Segment Start: Dataset content
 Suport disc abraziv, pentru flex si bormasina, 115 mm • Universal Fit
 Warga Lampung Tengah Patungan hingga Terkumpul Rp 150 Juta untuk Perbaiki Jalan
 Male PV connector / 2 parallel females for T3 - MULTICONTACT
Segment End: Dataset content
Segment Start: Dataset content
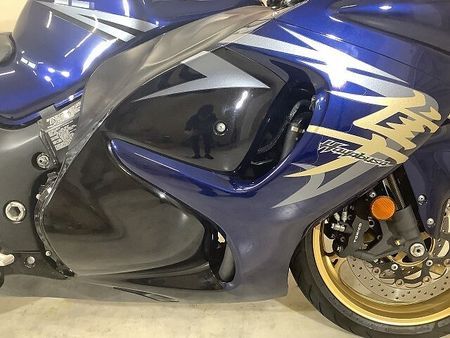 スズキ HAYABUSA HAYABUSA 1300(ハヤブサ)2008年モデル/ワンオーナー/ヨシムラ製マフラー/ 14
Segment End: Dataset content
Segment Start: Dataset content
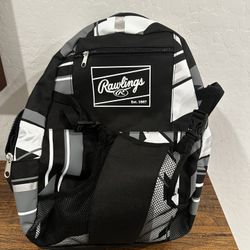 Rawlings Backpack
Segment End: Dataset content
_Exercise description_
Using the material above, transcribe exactly the lines from the line with "Suport disc abraziv, pentru" to the line with "Male PV connector"; both count, and nothing else goes in.

_Solution_
 Suport disc abraziv, pentru flex si bormasina, 115 mm • Universal Fit
 Warga Lampung Tengah Patungan hingga Terkumpul Rp 150 Juta untuk Perbaiki Jalan
 Male PV connector / 2 parallel females for T3 - MULTICONTACT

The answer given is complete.